You'd think that if the guy was guiding, he wouldn't want the area in which he worked overrun with internet scouters.


----------



## Madison (Mar 1, 2002)

And people wonder why their hunting grounds are overrrun with hunters :eyeroll:


----------



## bjn (Jul 17, 2003)

Nice pics, but why in the world would you possibly post the town? There are so many internet scouters out there looking for exactly this. If you want to go back there in the future years (or anywhere else for that matter) and not have plenty of company, you'll simply say central North Dakota from now on. 
Brady Ness


----------



## pineislandguide (Sep 21, 2005)

I do my guiding in MN, not ND. The exact spot in minnesota would be North of Roosevelt around Rocky Point. Come on up. The early season hunting up there is GREAT. Good luck finding land.

I didn't exactly think that spot we hunted in ND was what anyone would call "secret". Internet scouters, have at it. If you find the field I hope you bring more than 15 doz deeks because it's tough to compete with 3 other groups in the same field.

On second thought, come to MN, we have a ton of birds around Rochester and Fergus. Its awesome hunting, everyone fills out every day, no matter what. there are banded birds everywhere.

I'll post more photos early next week. I'll include GPS coordinates this time.


----------



## gandergrinder (Mar 10, 2002)

It all makes sense now. A Sota and a guide.


----------



## Madison (Mar 1, 2002)

pineislandguide said:


> The exact spot in minnesota would be North of Roosevelt around Rocky Point. Come on up. The early season hunting up there is GREAT. Good luck finding land.
> 
> On second thought, come to MN, we have a ton of birds around Rochester and Fergus. Its awesome hunting, everyone fills out every day, no matter what. .
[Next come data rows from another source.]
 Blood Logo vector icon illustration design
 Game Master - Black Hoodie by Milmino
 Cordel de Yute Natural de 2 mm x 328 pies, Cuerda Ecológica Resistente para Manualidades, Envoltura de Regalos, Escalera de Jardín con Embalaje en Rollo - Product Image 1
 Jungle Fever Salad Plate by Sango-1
No actually I would say Rocky Point is just north of Arnesen.. Actually duck hunting over a water spread is better south of Rocky point. Or how About 4 mile bay? or Pineisland (gap), this is huntable, there is actually a water hole right in the middle of it, always full of birds. The point can be good for divers. Dont forget morris point either...
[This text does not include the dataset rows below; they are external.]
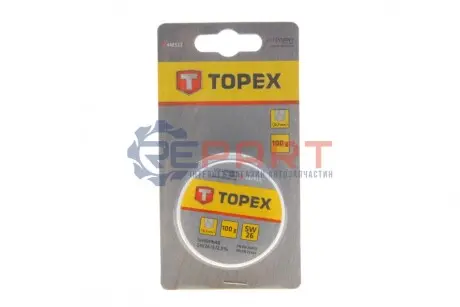 Припой оловянный (d=0.7mm) (100g) Topex 44E512 Купить в Украине
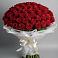 Букет 101 Красная роза Блэк Мэджик в Светлые Горы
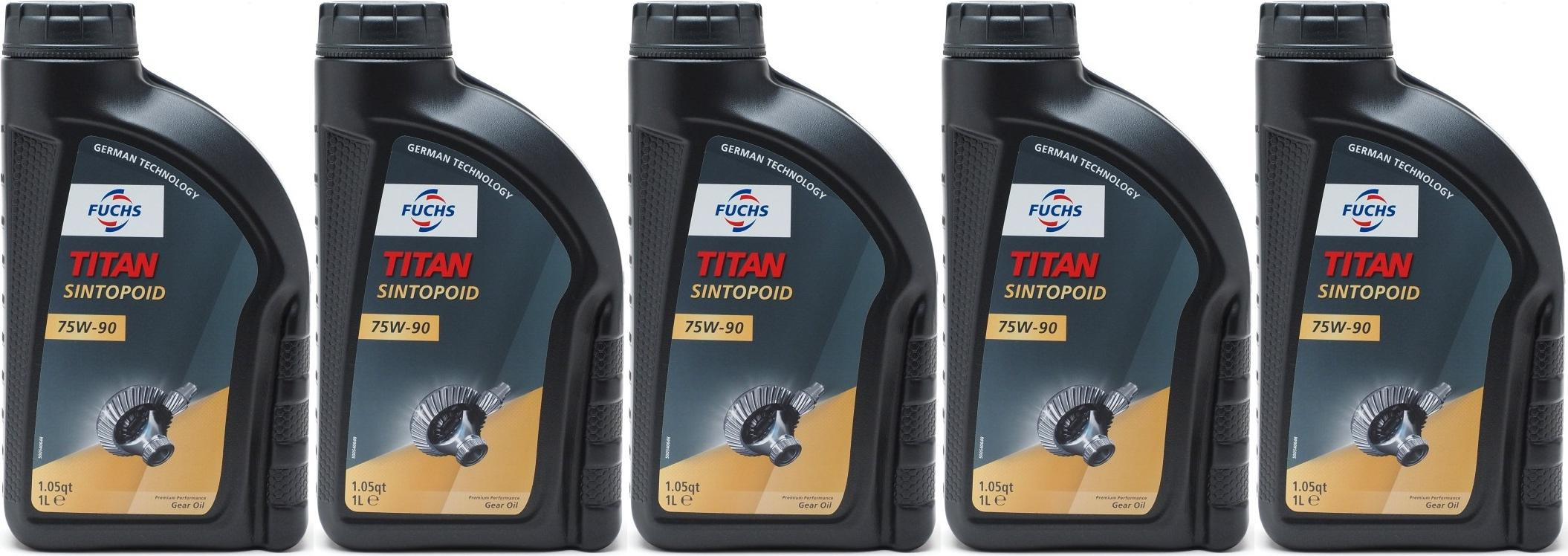FUCHS TITAN Sintopoid 75W-90 Getriebeöl 5x 1l = 5 Liter
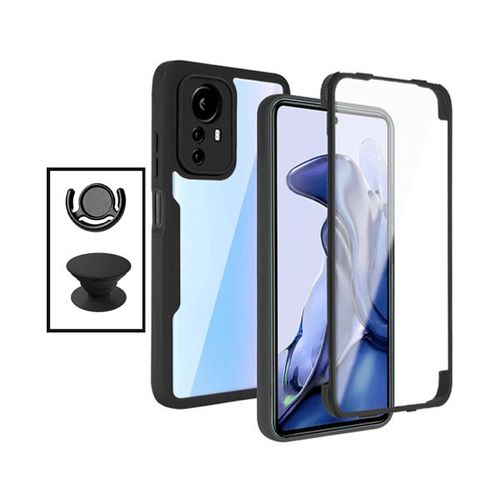 Kit Coque Anti-Crash 360 Protection + 1 Gripholder + 1 Support Gripholder Noir Pour Xiaomi 12 Pro - Noir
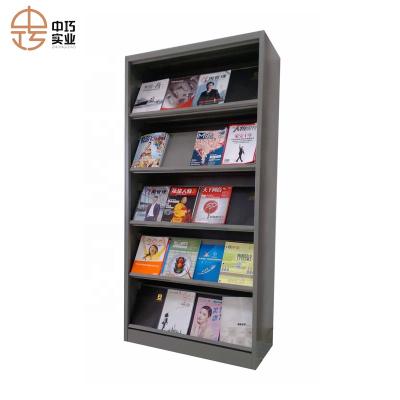 China Good Price Modern Metal Display Book Rack Book Shelves Magazine Rack For Office Supermarket Bank for sale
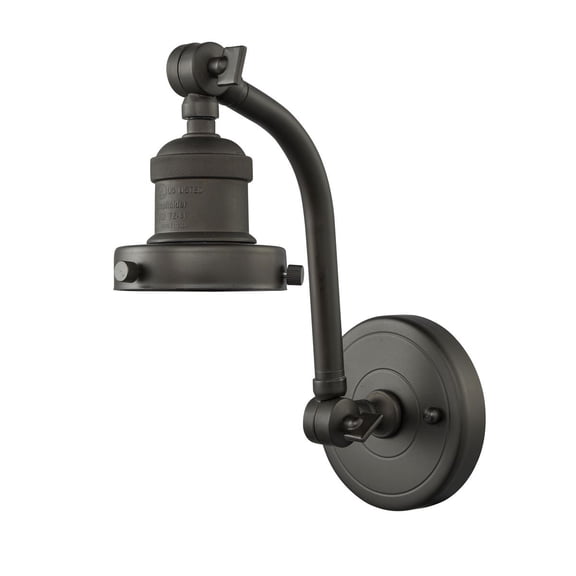 Innovations 515-1W-OB-LED Bare Bulb 1 Light Sconce part of the Franklin Restoration Collection, Oil Rubbed Bronze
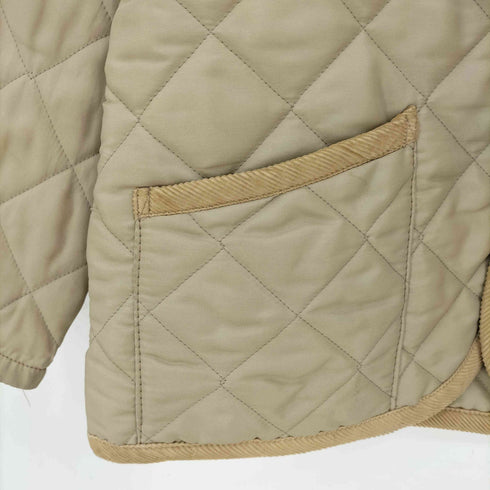 ラベンハム LAVENHAM イングランド製 コーデュロイ切替 キルティングジャケット レディース US:36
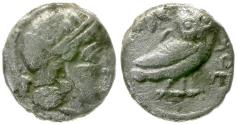 Ancient Coins - Baktria. Local Coinages AR Hemidrachm / Owl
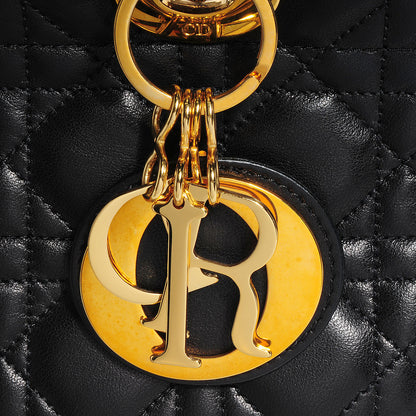 Christian Dior Lambskin Cannage Medium Lady Dior Black 8 of 9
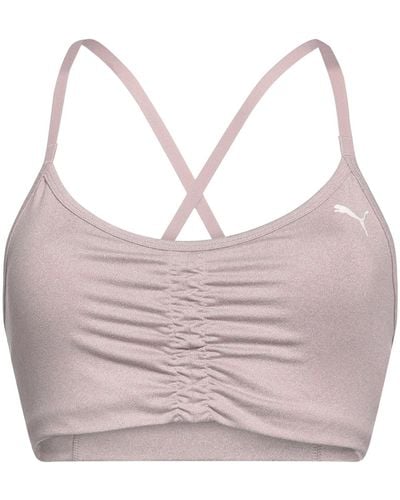 Puma Training Desert banded high support sports bra in brown
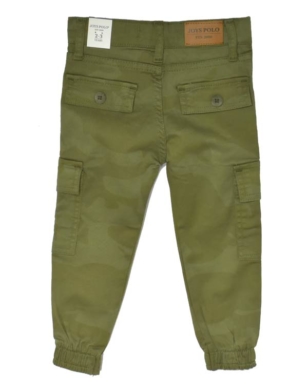 Спортен панталон в камуфлаж в зелено - Image 2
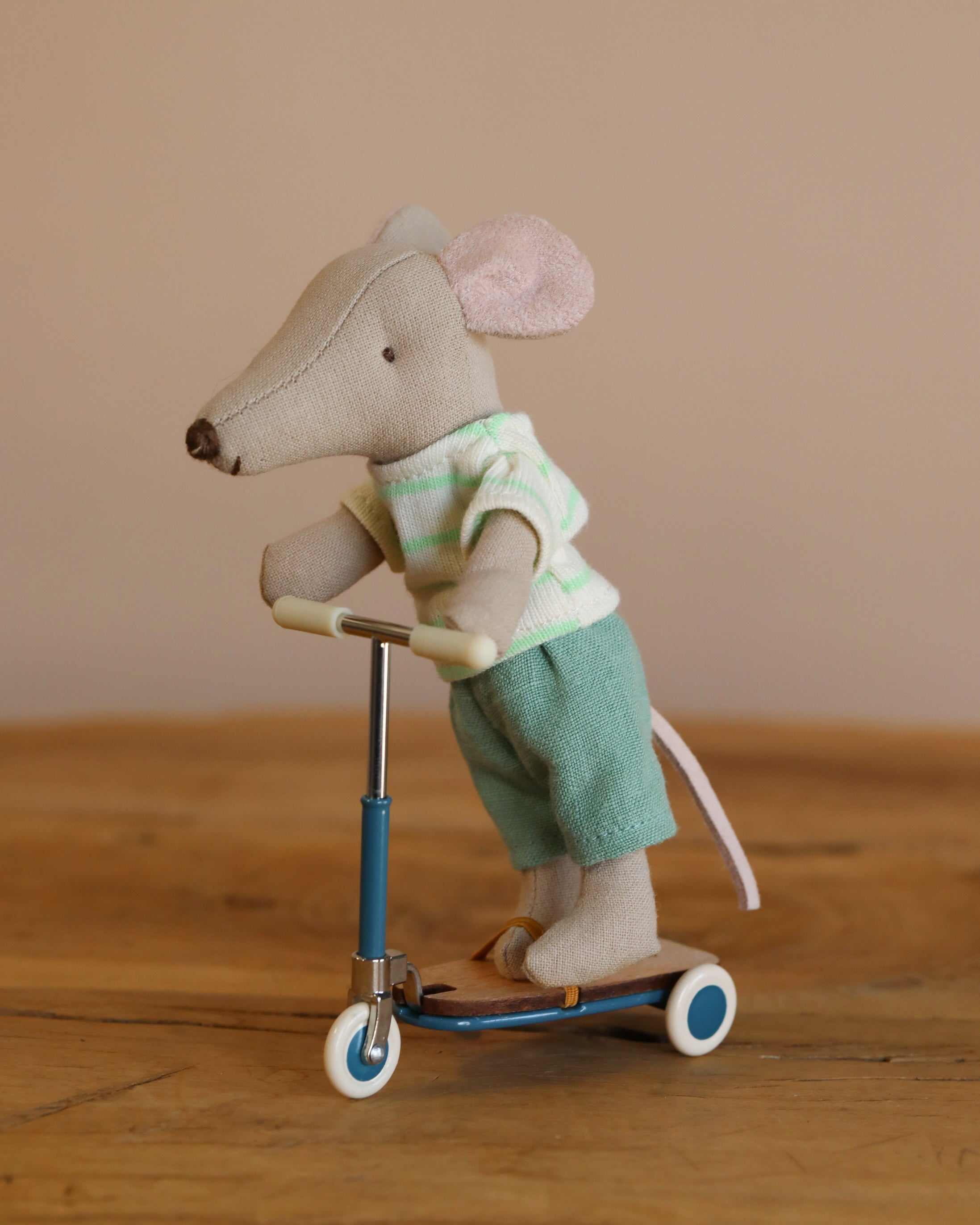 Maileg Mouse Size Scooter / Kickboard - Blue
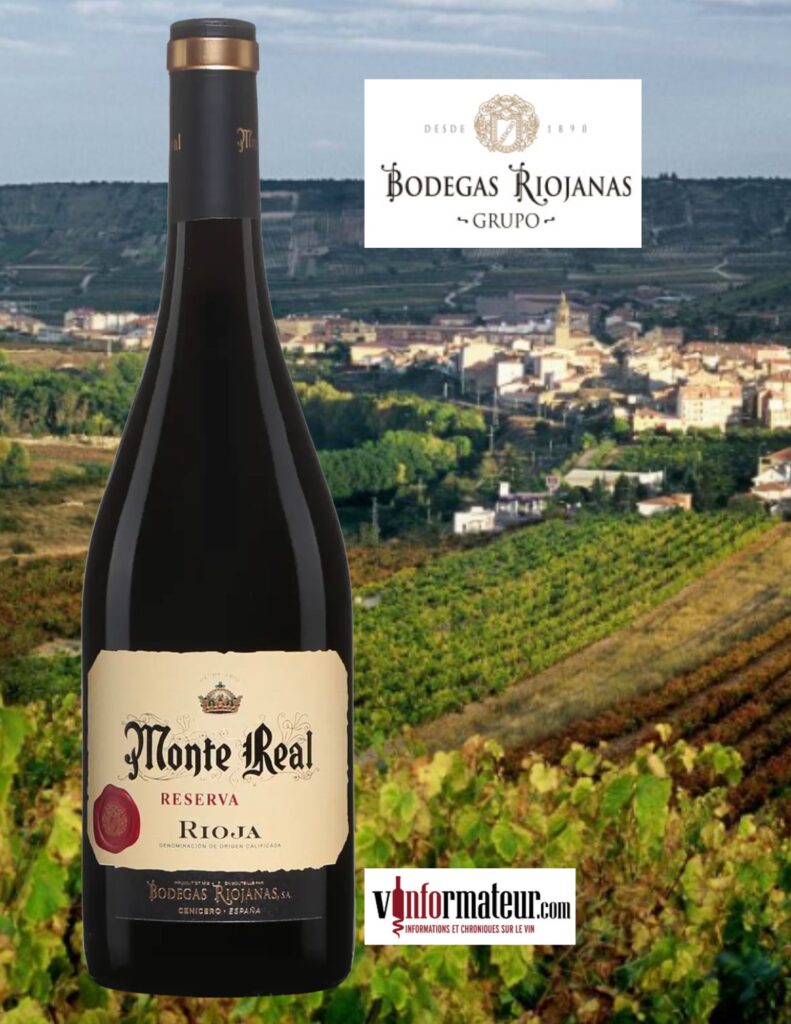 Monte Real, Reserva, Espagne, Rioja Alta, Bodegas Riojanas, 2019 bouteille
Rochester, thanks for the information on land that you cant get on for a 8 mile radius because its locked up with MORE GUIDES....


----------



## pineislandguide (Sep 21, 2005)

I don't duck hunt, or hunt geese on the water, but I'm sure that would be good also.

I have heard that the rainy river/pine island/4 mile bay is good for that. Have at it, post some pics and GPS coordinates.
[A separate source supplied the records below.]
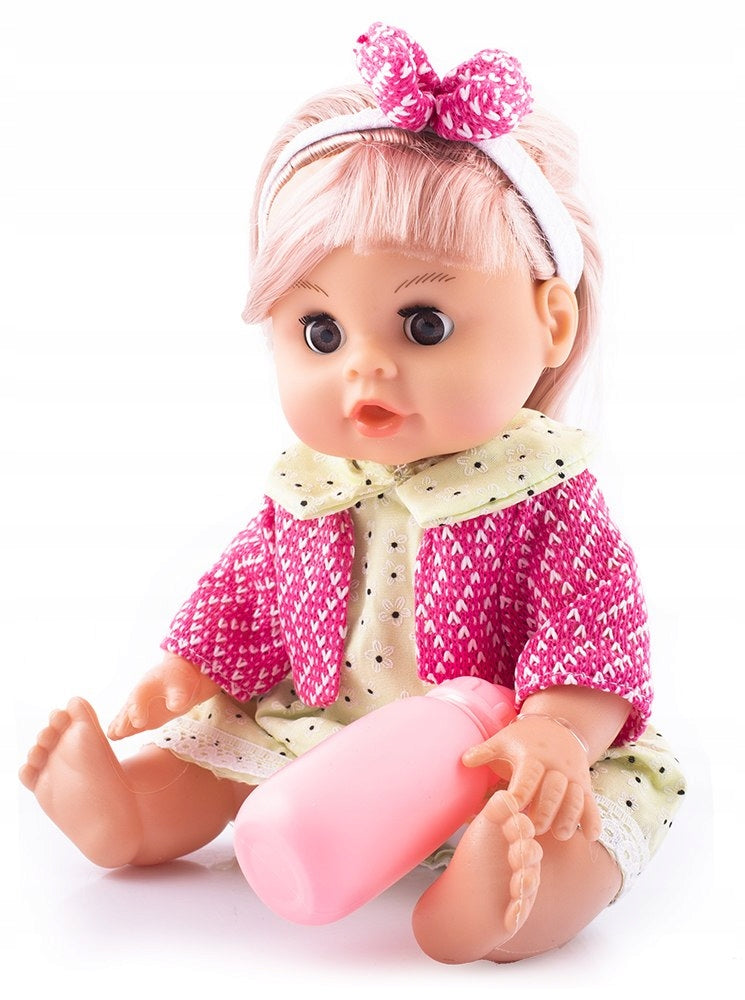 BABY DOLL BABY FUNCTIONAL BABY PEE DRINKS CRYING + ACCESSORIES LENGTH HAIR 29CM Packaging status original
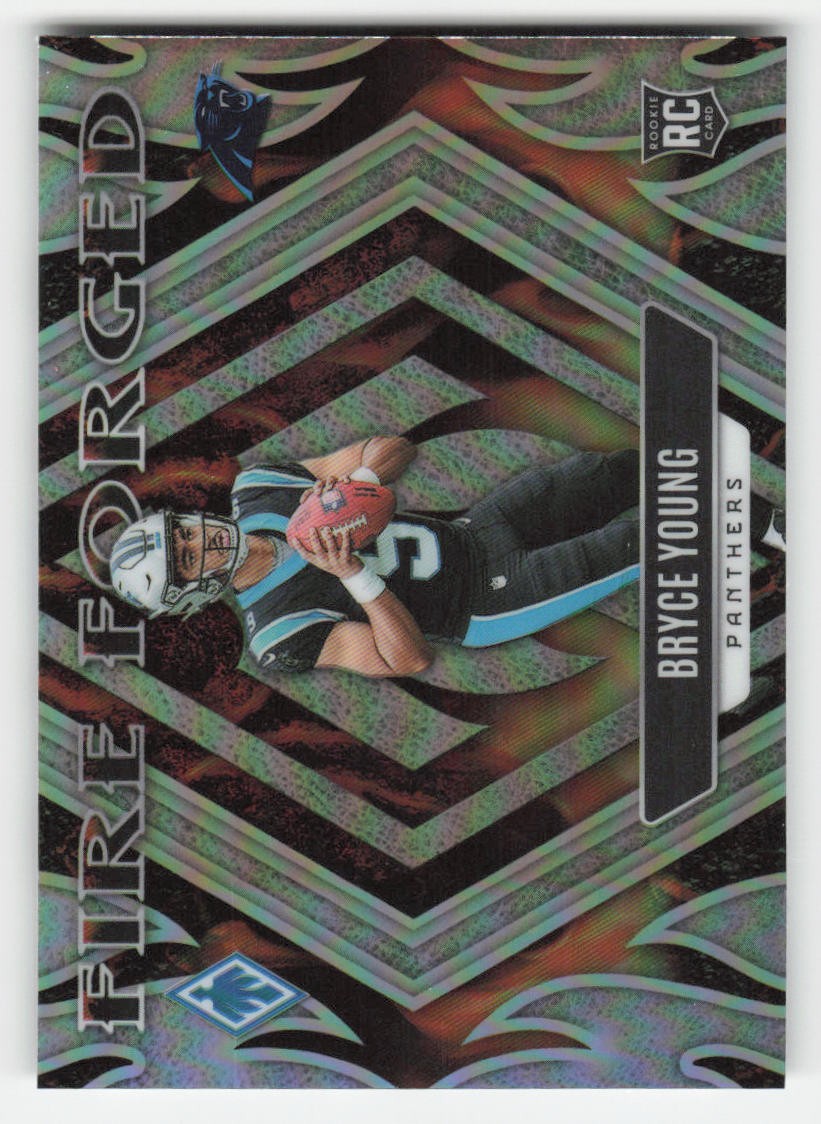 Bryce Young 2023 Panini Phoenix Fire Forged Silver Seismic RC #FF-2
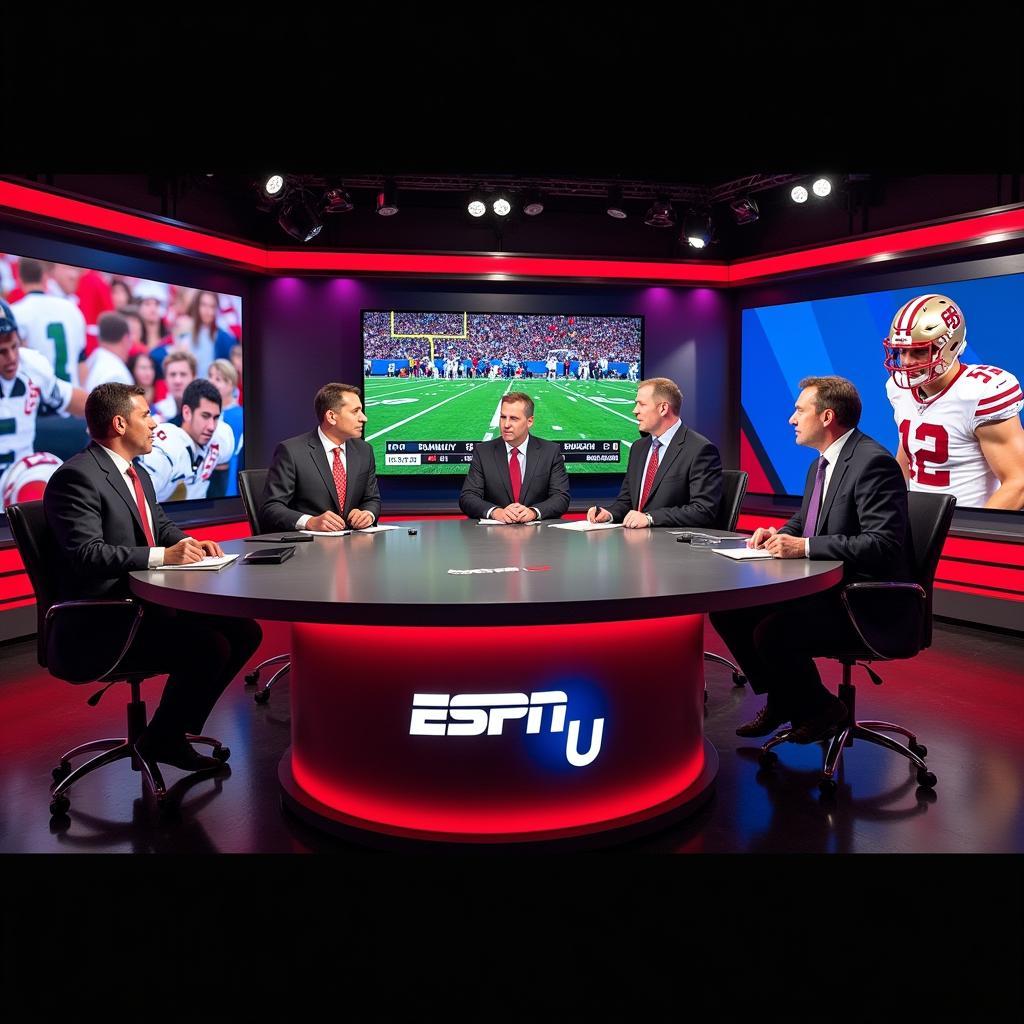 ESPNU College Football Live Broadcast Studio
> Actually duck hunting over a water spread is better south of Rocky point.


Where exactly would you duck hunt over a water spread South of rocky point? To my knowledge, the lake is generally North of rocky point. Unless you were talking about SE or SW of Rocky, but then you wouldn't be giving the exact location.


----------



## Van Wey (Jul 15, 2005)

The goose hunting around STANTON, NORTH DAKOTA was great!!!! Matter or fact, I was just their yesterday and the birds are thick.

_Edited due to insults towards members of Nodak Outdoors_

If YOU can get on land around Stanton swing on out. We hunt OUR own land!!!! I dont care if people show up....competition is fun!!! Its a little ridiculous you guys rip on someone whos just sharing his hunt. Everybody and there brother knows that late season is the best out west....WHY because its the only open water!!!!!! Why do you think we have land out there??? Enjoy the photos!!

Van Wey


----------



## Decoyer (Mar 2, 2002)

Thanks Van Wey... you've shown us your true intelligence. Here ends the lesson.


----------



## Madison (Mar 1, 2002)

Yet another Genious :thumb:


----------



## 4CurlRedleg (Aug 31, 2003)

Thank God there is still some folks with some sanity on here.

Propst to GG, Decoyer and Madison. Chris and the crew spent all fall keeping the internet scouting at bay and here is a nr and a guide dolling out free scouting reports.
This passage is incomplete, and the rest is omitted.